MATERIAL SUPPLIED:
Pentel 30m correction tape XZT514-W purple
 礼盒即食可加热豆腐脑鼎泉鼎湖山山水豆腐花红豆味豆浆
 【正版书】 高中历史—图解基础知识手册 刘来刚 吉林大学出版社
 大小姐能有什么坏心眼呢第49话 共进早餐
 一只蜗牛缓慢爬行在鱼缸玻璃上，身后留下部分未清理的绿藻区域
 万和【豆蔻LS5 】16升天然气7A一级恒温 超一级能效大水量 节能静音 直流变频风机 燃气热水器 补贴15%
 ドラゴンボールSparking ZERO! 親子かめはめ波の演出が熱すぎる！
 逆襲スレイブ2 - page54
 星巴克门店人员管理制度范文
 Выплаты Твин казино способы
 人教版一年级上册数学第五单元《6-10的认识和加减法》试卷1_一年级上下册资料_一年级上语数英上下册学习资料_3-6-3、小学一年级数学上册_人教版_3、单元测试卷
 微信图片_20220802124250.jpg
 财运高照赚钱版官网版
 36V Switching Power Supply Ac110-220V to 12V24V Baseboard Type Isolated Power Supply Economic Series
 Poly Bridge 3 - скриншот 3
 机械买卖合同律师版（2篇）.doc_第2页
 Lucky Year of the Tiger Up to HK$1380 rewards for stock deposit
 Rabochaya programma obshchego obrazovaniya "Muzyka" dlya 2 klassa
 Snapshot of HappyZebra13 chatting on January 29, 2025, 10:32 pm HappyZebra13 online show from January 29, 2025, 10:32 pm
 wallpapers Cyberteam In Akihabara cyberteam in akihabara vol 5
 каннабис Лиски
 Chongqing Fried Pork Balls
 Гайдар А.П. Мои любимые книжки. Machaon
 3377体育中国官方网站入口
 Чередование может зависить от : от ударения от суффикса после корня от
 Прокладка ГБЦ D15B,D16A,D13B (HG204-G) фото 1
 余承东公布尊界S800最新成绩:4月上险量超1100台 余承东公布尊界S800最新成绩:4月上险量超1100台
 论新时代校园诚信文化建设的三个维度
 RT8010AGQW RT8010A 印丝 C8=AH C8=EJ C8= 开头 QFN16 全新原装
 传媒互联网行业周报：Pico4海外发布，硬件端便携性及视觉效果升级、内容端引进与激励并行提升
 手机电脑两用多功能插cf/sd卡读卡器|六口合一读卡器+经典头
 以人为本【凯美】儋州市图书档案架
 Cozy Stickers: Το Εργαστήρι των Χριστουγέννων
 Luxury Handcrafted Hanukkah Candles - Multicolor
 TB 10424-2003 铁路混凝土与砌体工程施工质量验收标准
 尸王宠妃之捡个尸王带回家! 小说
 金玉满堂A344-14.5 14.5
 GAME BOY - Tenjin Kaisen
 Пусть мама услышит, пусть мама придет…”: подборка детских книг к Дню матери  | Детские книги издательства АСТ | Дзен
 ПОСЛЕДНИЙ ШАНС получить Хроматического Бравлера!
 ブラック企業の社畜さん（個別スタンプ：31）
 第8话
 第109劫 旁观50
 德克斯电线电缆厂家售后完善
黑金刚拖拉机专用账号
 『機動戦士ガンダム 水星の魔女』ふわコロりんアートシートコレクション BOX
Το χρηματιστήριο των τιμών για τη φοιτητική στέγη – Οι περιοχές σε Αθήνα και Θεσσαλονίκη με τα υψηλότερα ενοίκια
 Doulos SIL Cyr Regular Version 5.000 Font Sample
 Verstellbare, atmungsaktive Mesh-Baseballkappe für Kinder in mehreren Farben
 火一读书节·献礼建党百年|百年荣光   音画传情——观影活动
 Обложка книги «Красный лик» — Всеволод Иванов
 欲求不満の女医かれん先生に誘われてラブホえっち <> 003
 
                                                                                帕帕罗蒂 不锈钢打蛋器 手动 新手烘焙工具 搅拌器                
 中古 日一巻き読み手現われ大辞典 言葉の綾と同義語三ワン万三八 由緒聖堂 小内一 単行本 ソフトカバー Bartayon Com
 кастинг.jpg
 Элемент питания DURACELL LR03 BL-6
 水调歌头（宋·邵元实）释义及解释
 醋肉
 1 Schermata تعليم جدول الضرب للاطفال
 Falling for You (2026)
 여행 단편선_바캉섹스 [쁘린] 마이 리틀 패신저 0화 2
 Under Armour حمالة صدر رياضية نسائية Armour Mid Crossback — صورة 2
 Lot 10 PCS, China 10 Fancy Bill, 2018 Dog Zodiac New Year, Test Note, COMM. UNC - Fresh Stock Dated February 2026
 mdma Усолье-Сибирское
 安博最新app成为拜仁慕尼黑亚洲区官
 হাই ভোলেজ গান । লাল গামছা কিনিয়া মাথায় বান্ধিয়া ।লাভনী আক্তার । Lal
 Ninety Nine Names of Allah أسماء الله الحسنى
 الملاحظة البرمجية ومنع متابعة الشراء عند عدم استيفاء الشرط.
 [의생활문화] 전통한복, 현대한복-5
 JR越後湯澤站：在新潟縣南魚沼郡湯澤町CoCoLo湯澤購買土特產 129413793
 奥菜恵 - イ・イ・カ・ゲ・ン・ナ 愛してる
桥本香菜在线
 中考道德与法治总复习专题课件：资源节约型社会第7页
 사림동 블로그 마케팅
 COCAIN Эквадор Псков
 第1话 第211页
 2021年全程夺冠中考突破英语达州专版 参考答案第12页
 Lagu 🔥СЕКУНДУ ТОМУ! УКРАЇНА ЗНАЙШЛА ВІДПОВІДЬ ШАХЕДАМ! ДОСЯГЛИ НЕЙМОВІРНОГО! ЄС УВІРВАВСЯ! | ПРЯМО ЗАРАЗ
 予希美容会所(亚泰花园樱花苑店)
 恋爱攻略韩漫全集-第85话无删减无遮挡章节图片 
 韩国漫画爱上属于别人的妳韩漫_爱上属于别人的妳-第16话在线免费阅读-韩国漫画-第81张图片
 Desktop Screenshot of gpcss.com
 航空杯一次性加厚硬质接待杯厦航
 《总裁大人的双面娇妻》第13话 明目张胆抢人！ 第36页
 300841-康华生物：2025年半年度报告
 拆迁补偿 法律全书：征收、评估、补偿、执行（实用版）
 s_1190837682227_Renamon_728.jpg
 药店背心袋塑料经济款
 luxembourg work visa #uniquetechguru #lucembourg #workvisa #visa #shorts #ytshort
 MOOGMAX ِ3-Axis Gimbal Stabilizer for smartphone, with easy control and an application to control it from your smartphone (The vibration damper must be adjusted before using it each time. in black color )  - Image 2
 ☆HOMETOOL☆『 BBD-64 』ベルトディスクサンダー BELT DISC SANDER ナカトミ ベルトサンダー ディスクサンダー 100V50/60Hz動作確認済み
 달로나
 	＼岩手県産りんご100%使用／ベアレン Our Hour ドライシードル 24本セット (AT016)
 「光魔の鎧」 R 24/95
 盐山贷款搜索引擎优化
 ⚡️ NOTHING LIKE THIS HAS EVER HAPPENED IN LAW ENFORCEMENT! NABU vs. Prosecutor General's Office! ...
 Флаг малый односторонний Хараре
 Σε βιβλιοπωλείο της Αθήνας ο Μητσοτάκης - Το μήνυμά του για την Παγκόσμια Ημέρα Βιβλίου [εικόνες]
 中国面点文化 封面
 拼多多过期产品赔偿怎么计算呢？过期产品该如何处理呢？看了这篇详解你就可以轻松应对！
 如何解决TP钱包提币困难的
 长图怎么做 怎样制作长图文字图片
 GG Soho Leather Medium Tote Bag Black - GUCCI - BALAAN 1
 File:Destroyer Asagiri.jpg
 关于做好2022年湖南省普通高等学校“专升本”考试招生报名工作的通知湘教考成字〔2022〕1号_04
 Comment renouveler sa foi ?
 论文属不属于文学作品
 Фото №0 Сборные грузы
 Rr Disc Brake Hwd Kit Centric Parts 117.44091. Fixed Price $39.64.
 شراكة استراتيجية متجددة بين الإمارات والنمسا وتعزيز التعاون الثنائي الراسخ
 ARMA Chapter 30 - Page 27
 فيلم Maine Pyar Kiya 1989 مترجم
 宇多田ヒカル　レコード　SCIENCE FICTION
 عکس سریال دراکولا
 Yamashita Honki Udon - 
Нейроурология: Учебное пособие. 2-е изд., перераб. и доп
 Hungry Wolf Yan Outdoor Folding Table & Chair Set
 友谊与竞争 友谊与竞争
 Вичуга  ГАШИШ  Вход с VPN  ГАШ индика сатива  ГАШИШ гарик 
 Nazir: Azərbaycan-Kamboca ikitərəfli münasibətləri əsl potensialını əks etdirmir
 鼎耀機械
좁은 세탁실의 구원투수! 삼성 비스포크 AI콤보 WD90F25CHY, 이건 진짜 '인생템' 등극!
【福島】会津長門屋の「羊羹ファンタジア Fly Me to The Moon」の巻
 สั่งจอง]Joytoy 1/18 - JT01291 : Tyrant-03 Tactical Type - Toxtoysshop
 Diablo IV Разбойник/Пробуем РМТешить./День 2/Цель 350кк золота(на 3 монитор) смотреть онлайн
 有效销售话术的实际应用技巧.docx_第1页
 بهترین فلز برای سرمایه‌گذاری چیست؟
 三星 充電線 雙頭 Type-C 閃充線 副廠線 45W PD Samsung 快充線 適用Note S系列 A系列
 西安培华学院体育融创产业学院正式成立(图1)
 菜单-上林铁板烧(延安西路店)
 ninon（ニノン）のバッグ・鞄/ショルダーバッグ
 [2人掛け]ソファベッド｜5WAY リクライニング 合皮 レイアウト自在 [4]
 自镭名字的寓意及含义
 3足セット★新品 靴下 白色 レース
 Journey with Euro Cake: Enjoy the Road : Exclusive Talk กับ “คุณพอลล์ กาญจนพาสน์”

EXERCISE OBJECTIVE: Show every line in the listing above that carries the word "Year".

SOLUTION TO THIS TASK:
 Lucky Year of the Tiger Up to HK$1380 rewards for stock deposit
 Lot 10 PCS, China 10 Fancy Bill, 2018 Dog Zodiac New Year, Test Note, COMM. UNC - Fresh Stock Dated February 2026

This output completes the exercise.